▸ What is being asked:
Without the pictures, retype exactly the lines from the top of the entries below through the line that contains "Замиокулькас (лат. Zamioculcas), d 12".

▸ Data in this exercise:
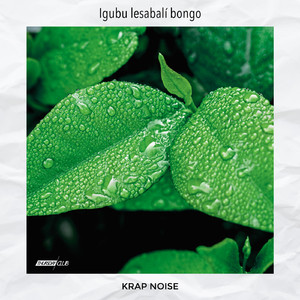 Igubu lesabalí bongo (Original Mix)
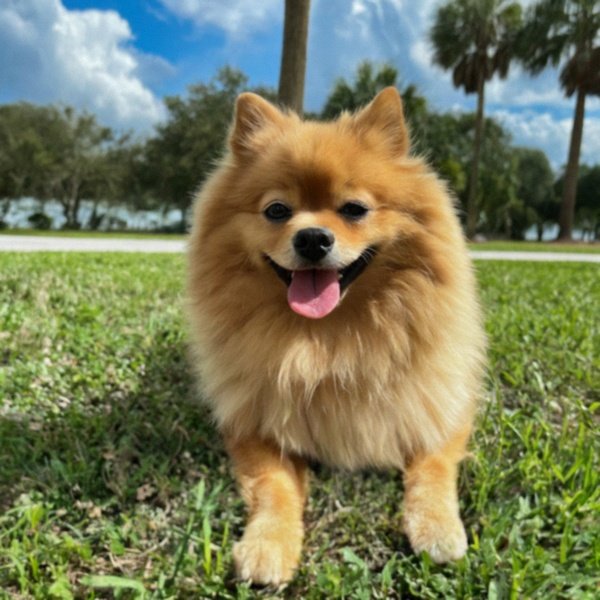 Pomeranian in St. Petersburg, Florida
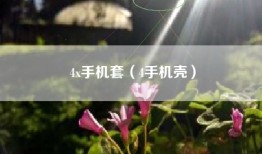 4x手机套（4手机壳）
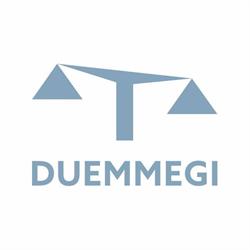 Duemmegi - Home and Building Automation
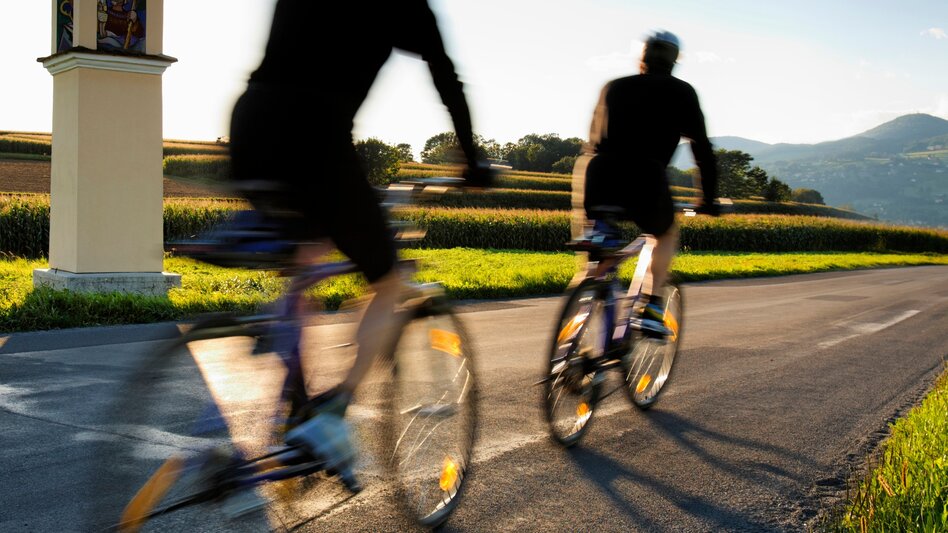 Bike Riding VeloVital Ecotour, Hartberg - Touren-Impression #2.1 | © Oststeiermark Tourismus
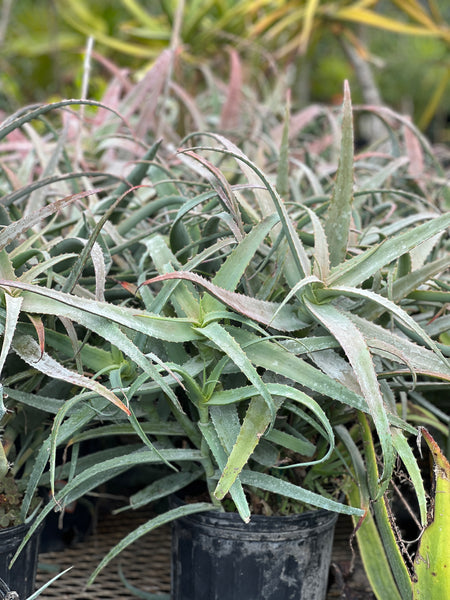 Aloe cf. divaricata
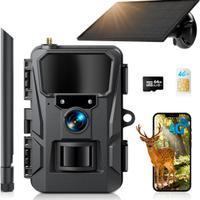 WOLFANG Fototrappola, 4G LTE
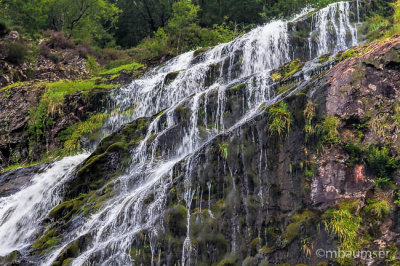 Powerscourt Waterfall 98007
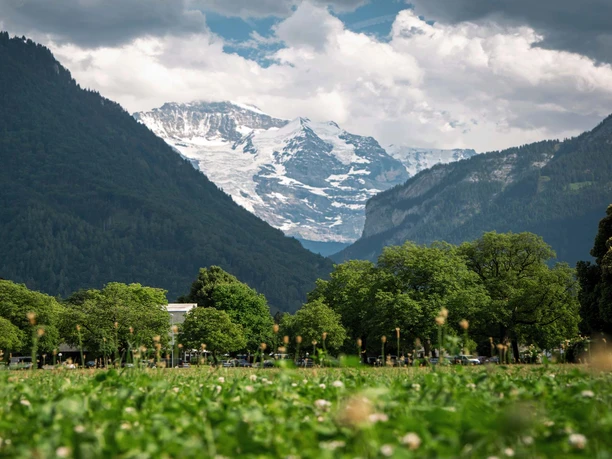 restaurant-des-alpes-sicht-hoehematte-jungfrau.jpg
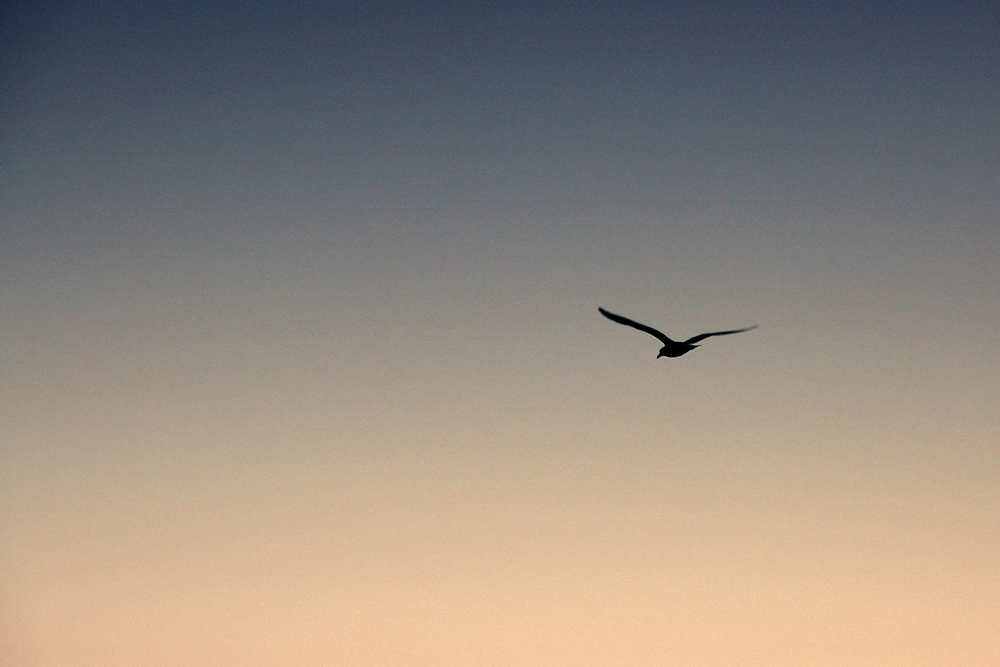 Night Flight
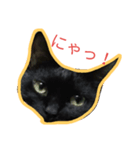 黒猫のマナ（個別スタンプ：6）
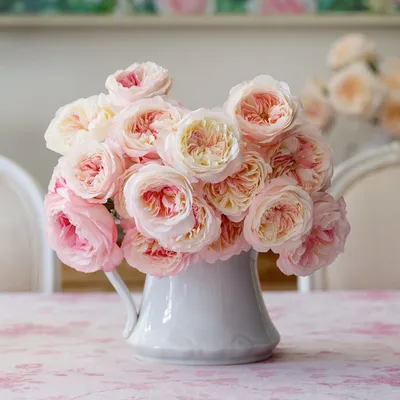 Keira\" Garden Roses (40cm) (96 stems) $4.95 each — Las Vegas Flower Market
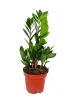 Замиокулькас (лат. Zamioculcas), d 12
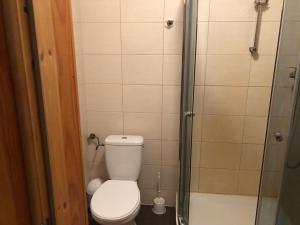 a small bathroom with a toilet and a shower at Bieszczadzki Klin BKLIN in Cisna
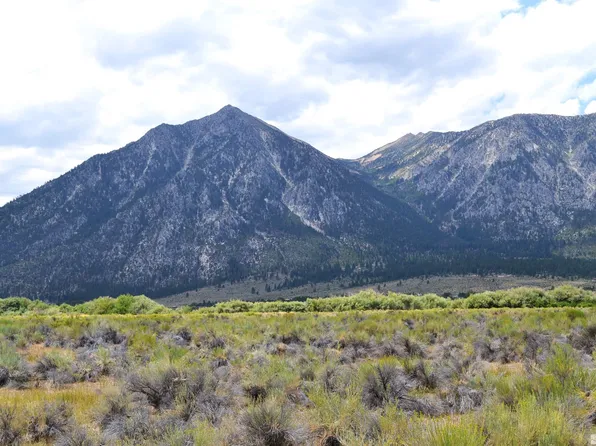 LOT Two Duck Pond Rd #B, Gardnerville, NV 89460
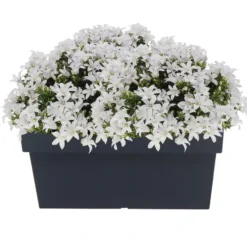 Prosperplast Plantenbak - kunststof - 79 x 35 x 33 cm - antraciet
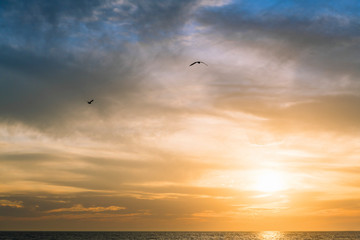 gulls flying over the sea across the sky at sunset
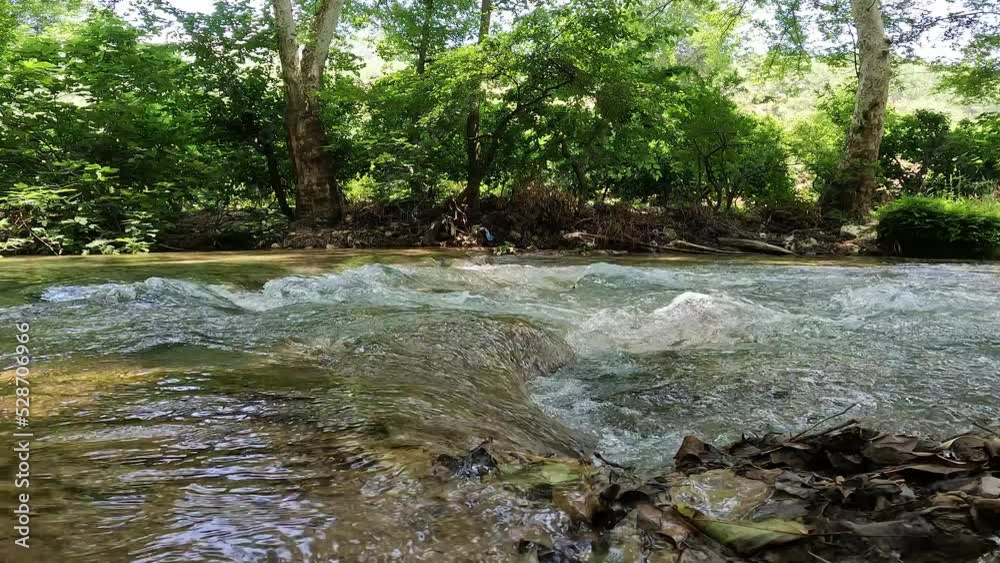 River Flowing Through Green Trees 4K River Flowing Through Green Trees 4K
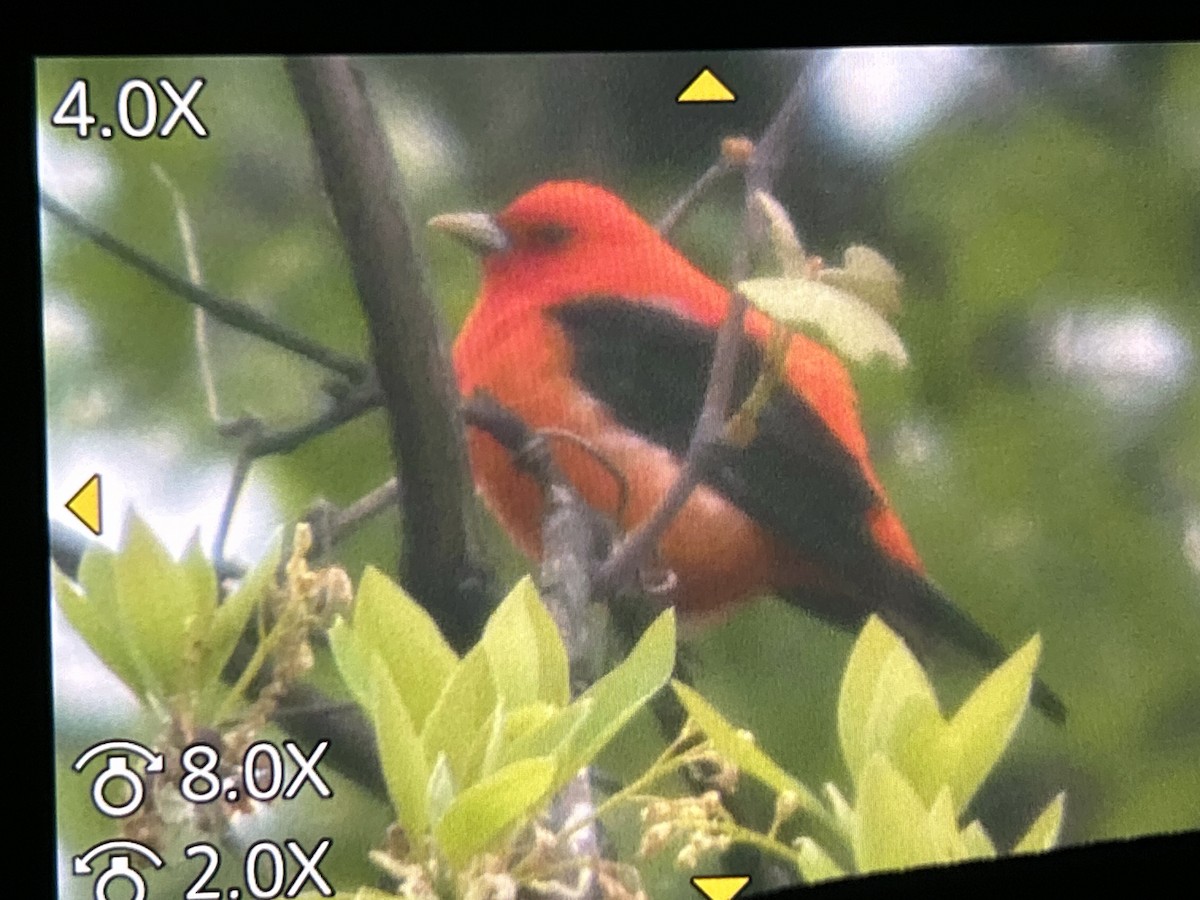 Scarlet Tanager - ML657141921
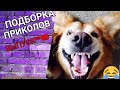 СМЕШНЫЕ ВИДЕО 2021 // ЛУЧШИЕ ПРИКОЛЫ 2021 // ПРИКОЛЫ // РЖАЧ ДО СЛЕЗ // ТЕСТ НА ПСИХИКУ // #10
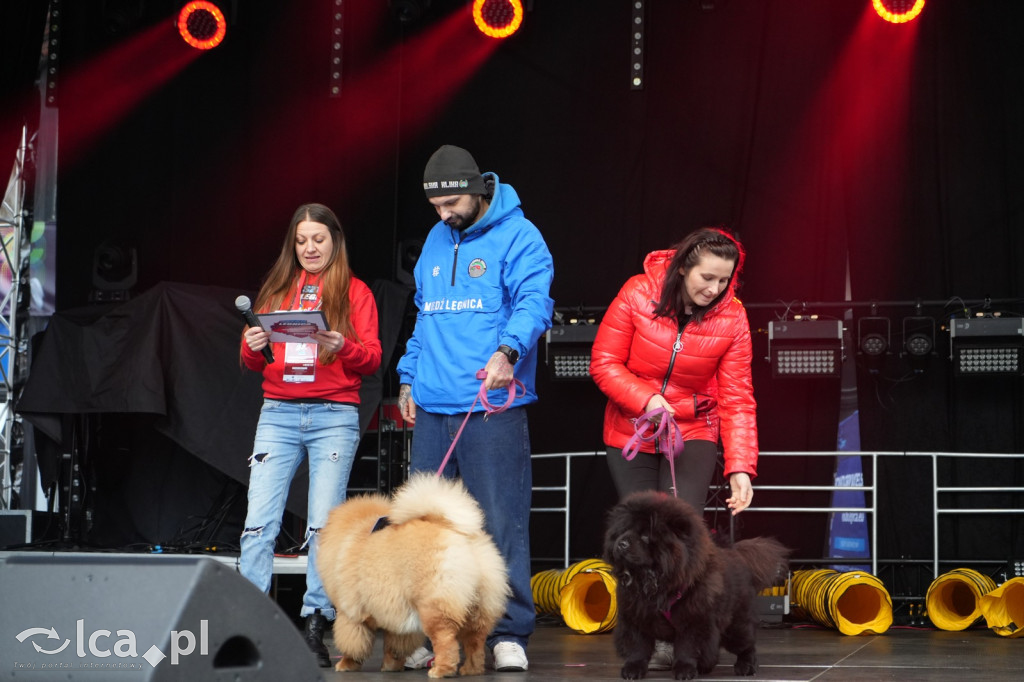 WOŚP: Legnica gra pełną parą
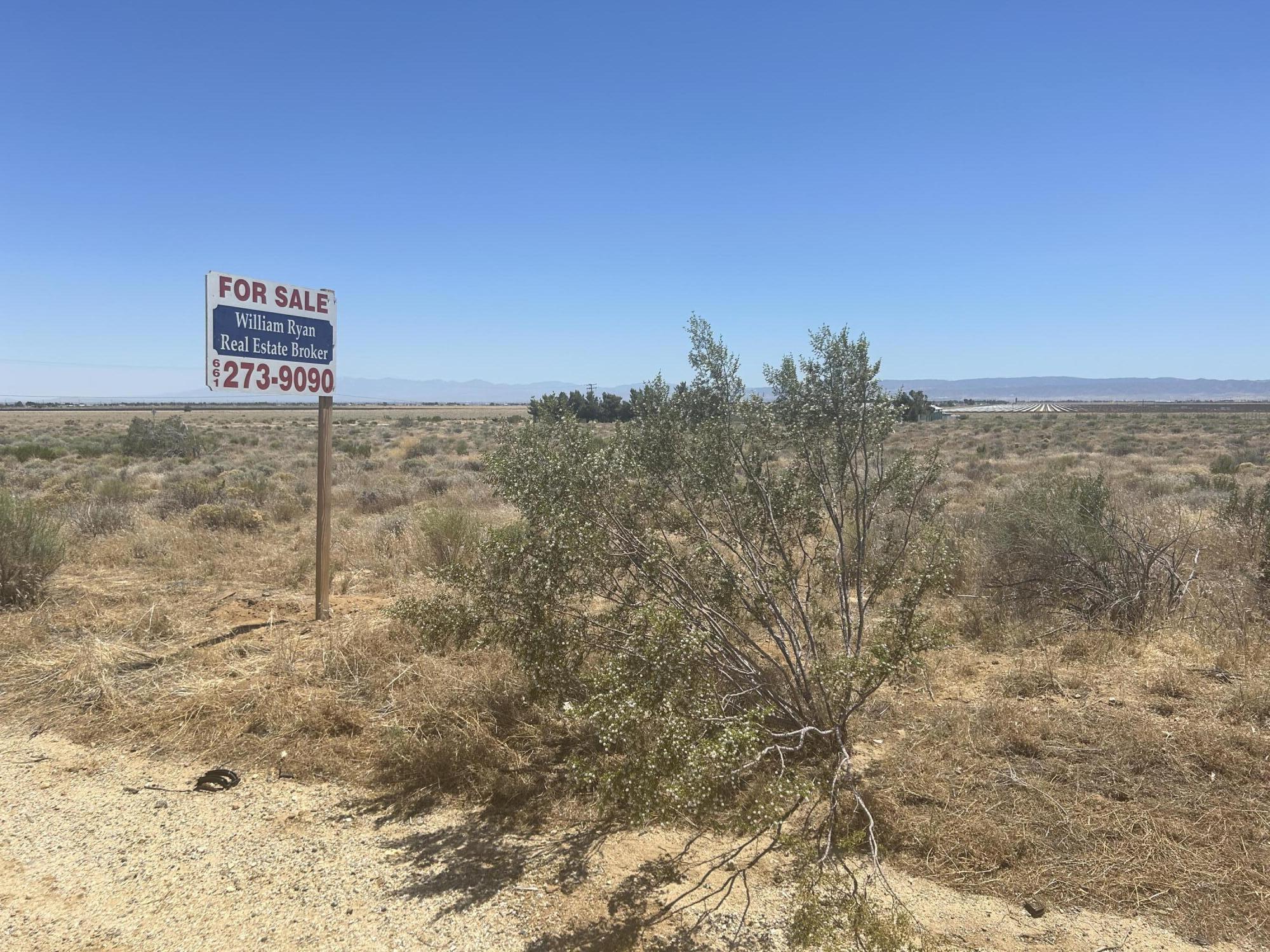 Rosamond Blvd Property Photo 18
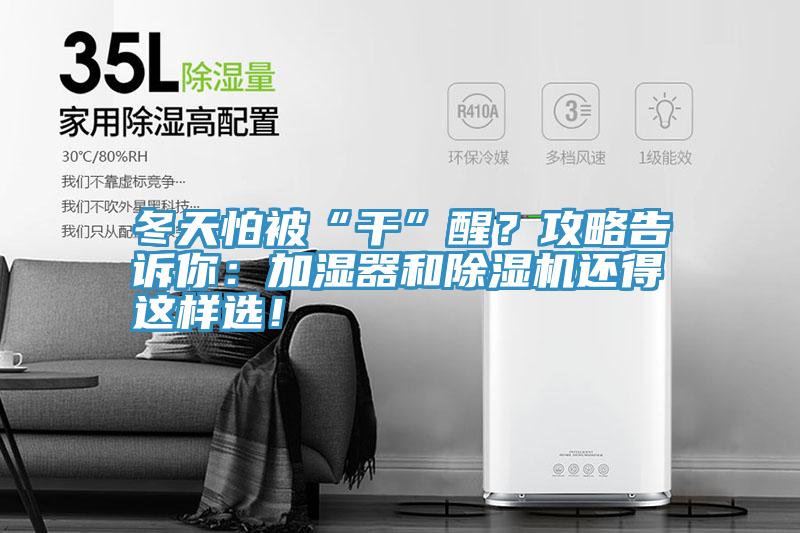 冬天怕被“干”醒？攻略告訴你：加濕器和除濕機還得這樣選！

▸ Solution for this task:
 Igubu lesabalí bongo (Original Mix)
 Pomeranian in St. Petersburg, Florida
 4x手机套（4手机壳）
 Duemmegi - Home and Building Automation
 Bike Riding VeloVital Ecotour, Hartberg - Touren-Impression #2.1 | © Oststeiermark Tourismus
 Aloe cf. divaricata
 WOLFANG Fototrappola, 4G LTE
 Powerscourt Waterfall 98007
 restaurant-des-alpes-sicht-hoehematte-jungfrau.jpg
 Night Flight
 黒猫のマナ（個別スタンプ：6）
 Keira\" Garden Roses (40cm) (96 stems) $4.95 each — Las Vegas Flower Market
 Замиокулькас (лат. Zamioculcas), d 12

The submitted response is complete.